I have come here in the hope someone can point me in the direction of some answers/further reading.
Currently i am using a 1.5tb disk to store all of my multimedia and backups. I have now outgrown the size of my backups solution so it’s time for a change. The 1.5tb is nearly full but i am not expecting to outgrow this any time soon. It's mainly used for multimedia (integrated with my media centre)
Basically what will be the best way to back this up? I have been reading into the NAS/Raid solutions and think this is defiantly the best direction to go in considering i use this heavily for my media centre.
I think i need (please correct me if you have better ideas) a Nas solution that supports a RAID 1 configuration.
If this is the case i need a few questions answered,
- do i need to but identical disks? (go and buy a blank disk exactly the same as the one i currently own)
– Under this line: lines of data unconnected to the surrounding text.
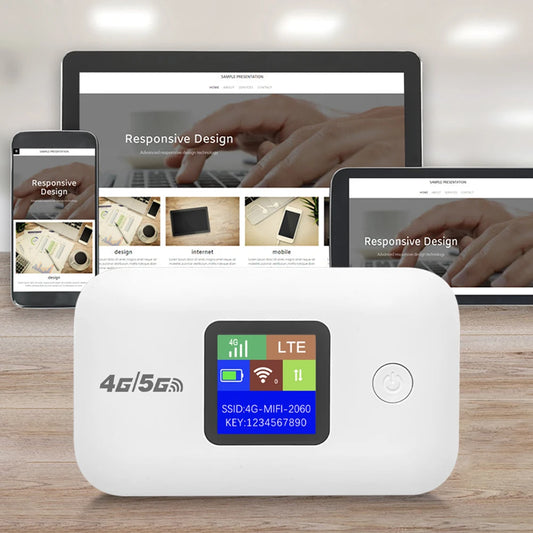 4G/5G Mobile WIFI Router 150Mbps 4G LTE Wireless Router 3500mA Portable Pocket MiFi Modem with Sim Card Slot Mobile WiFi Hotspot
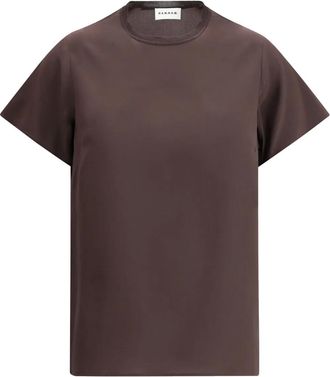 P.A.R.O.S.H. T-shirt girocollo - Marrone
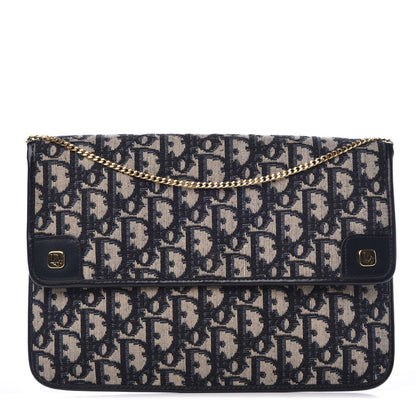 Christian Dior Monogram Convertible Clutch Navy Blue 1 of 9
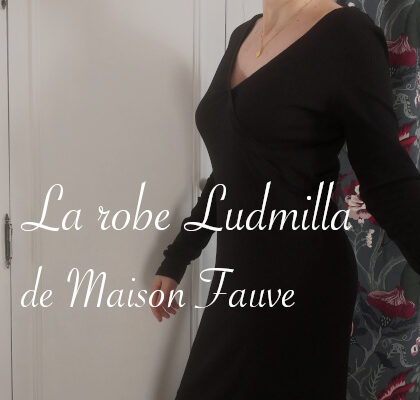 Robe Ludmilla de Maison Fauve - anar(t)chie, journal de bord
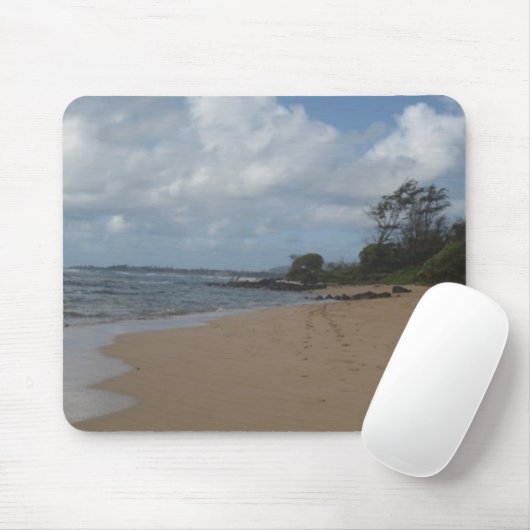 Fußabdrücke im Sand Mousepad (Mit Mouse)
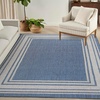 image:imageNourison Home Horizon IndoorOutdoor Black 3 x 5 Area Rug  Easy Clean Non Shedding Bed Room Living Room Dining Room Kitchen 3 x 5Denim
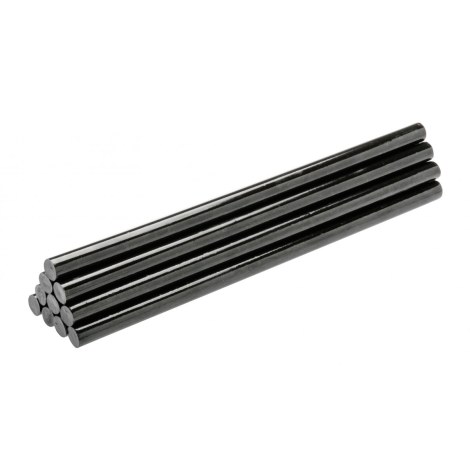 Klijų strypeliai Hogert HT2C138; 11,2x250 mm; 12 vnt.; juodos spalvos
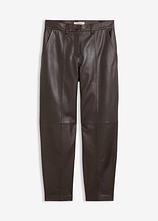 Lederhose aus Lammnappa in braun von vorne - bonprix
- can i set up a raid configuration with one full and one empty disk or do i need to format them?
- What other features should i be looking out for in my NAS?
Would a product like this be what I’m after? Seems to offer the RAID 1 configuration and a few quirky features.
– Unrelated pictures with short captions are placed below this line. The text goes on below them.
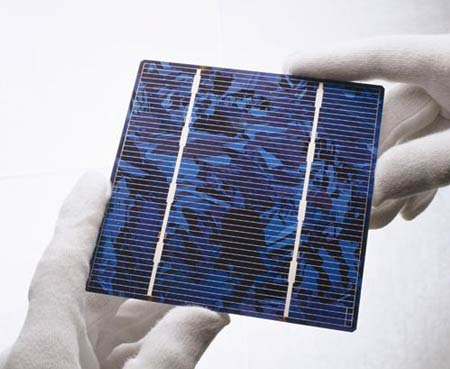 Exemple de cellule photovoltaïque
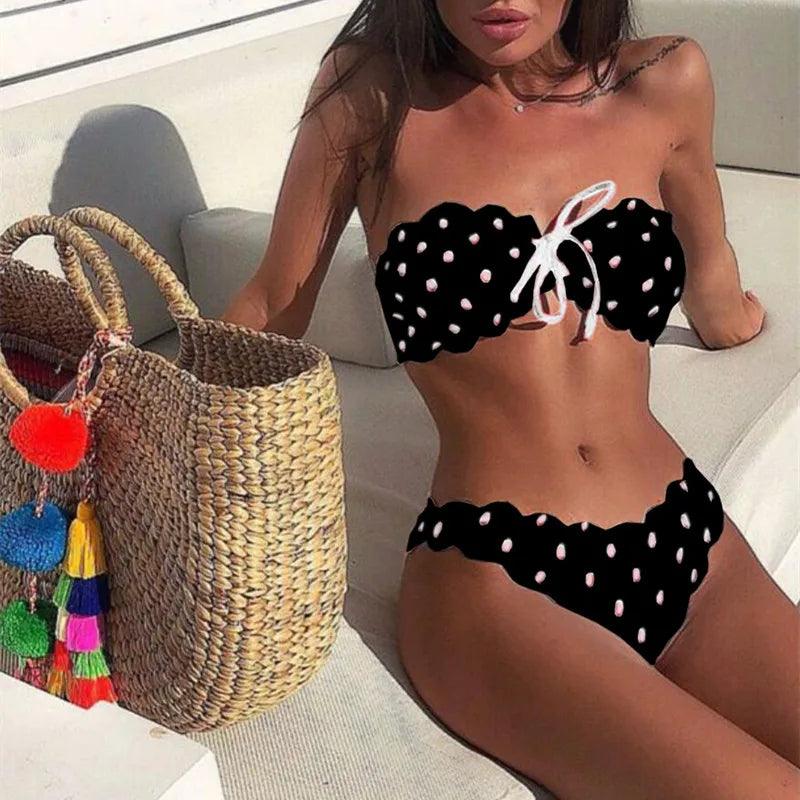 Sylis | Strapless Polkadot Bikini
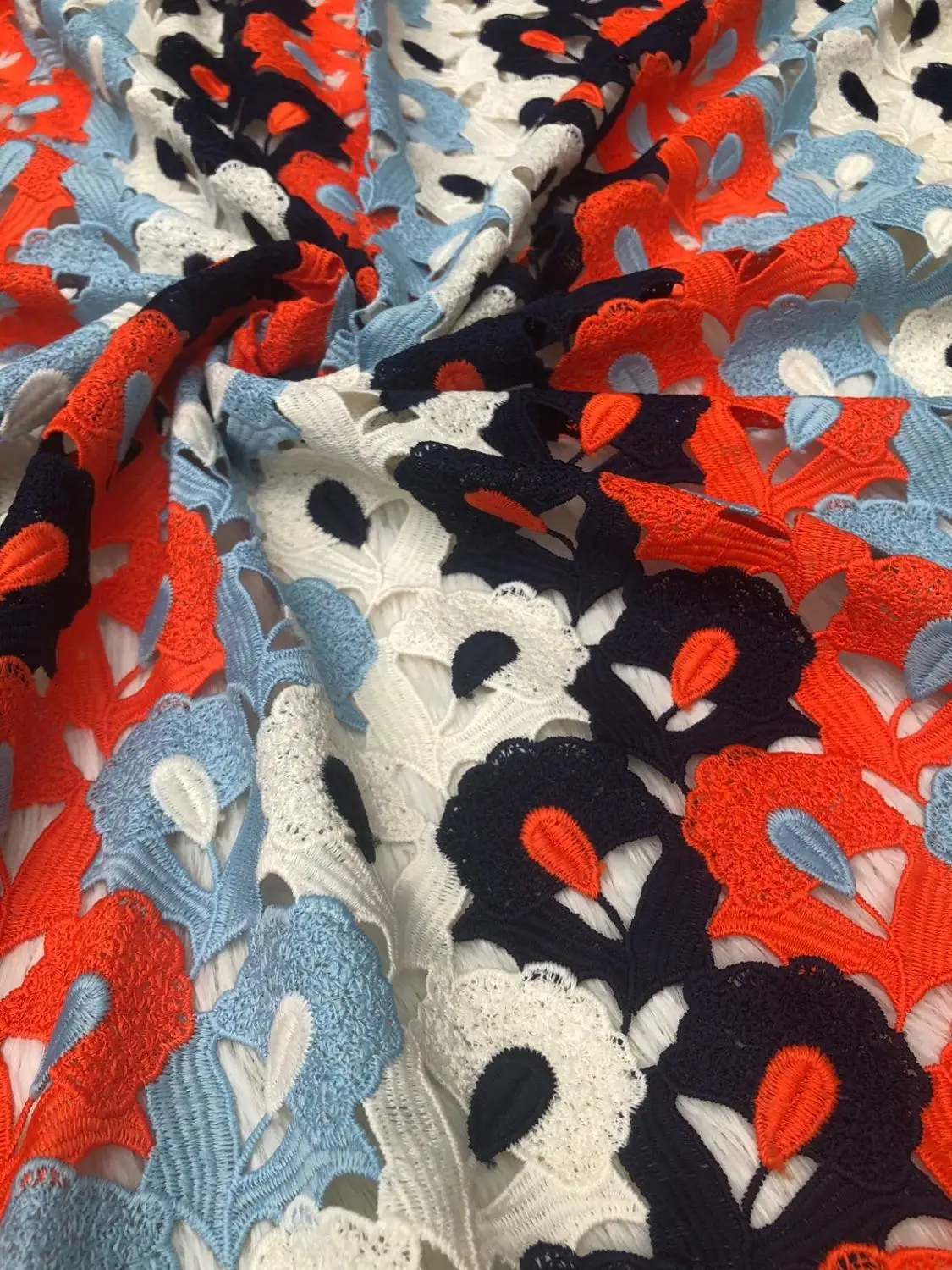 Special offer Multicolor milk silk water soluble lace fabric Africa Nigeria fabric lace for women's formal wear party dress
Special offer Multicolor milk silk water soluble lace fabric Africa Nigeria fabric lace for women's formal wear party dress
RAID is not a backup. It protects against drive failure but not against lots of other risks.
For myself, I protect my data by dividing it into three tiers:
Active Files - these are folders that contain files that I work with every day and which change fairly frequently. I do alternating incremental backups of these every day and alternating weekly full backups, with one backup per month being stored offsite. The volume of these files is about 20-25GB.
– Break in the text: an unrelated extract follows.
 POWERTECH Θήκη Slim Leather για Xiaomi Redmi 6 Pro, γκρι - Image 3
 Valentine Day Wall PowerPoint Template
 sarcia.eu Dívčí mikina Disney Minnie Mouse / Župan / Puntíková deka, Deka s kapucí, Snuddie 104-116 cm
Static Files - these are folders that contain files that mostly don't change - photos, music, reference material, etc. These are included in the daily incremental backups, but are fully backed up only once per month with the latest backup stored offsite. The volume of these files is about 150GB.
Archive Files - for the most part these are video files and installation kits which are quite large and which in a lot of cases can be re-acquired from other sources if I loose them. I keep two copies of these on two separate drives, one offsite. I swap the offsite and onsite drives monthly to keep them synchronized. Right now this volume of data is about 1.5TB. These files are checksummed and are verified monthly to ensure that all of the data is readable and correct.
If you have external backups covered and you're specifically worried about the downtime that a disk crash would cause, then RAID is the right solution.
My main point about the backup tiers was basically to note that you don't necessarily have to back up the entire 1.5TB all the time.
Checksums are values that are taken by reading every byte of a file and then applying a mathematical formula to them. The result is typically a string of a few dozen hex digits. The idea is that if any bit in the file changes, the checksum will be different, so if you store a copy of checksum of the file today then you can use it to confirm the file hasn't changed in the future.
I wrote my own checksumming utility, but there are a number of them available on the Internet. Typical checksum algorithms are "MD5" and "SHA1", and you can find programs by googling for these acronyms plus "utility".
I use MD5 - it's often criticized because of potential security issues, but in my case I'm not using it to secure information so that's not a concern to me.
> do i need to but identical disks? (go and buy a blank disk exactly the same as the one i currently own)
No, the disks don't have to have the same size, rotational speed, cache size, etc. But you'll be wasting some of the capacity and performance of the larger/faster drive if you use different drives.
> can i set up a raid configuration with one full and one empty disk or do i need to format them?
Not exactly sure what you're asking here. After you configure your two drives into a RAID 1 array, it will look like a simple disk to the operating system. There will be no indication that there are actually two drives behind that "virtual" RAID volume, and there is no way to put stuff on just one of the disks or the other - everything that is written to the volume will automatically have an identical copy written to both actual disks. That's the purpose of RAID 1.
You will have to partition and format the RAID volume in order to use it. As with any "real" disk, you have a choice of creating one partition to use all of the available space, or creating one or more smaller partitions which may or may not fill up all of the space.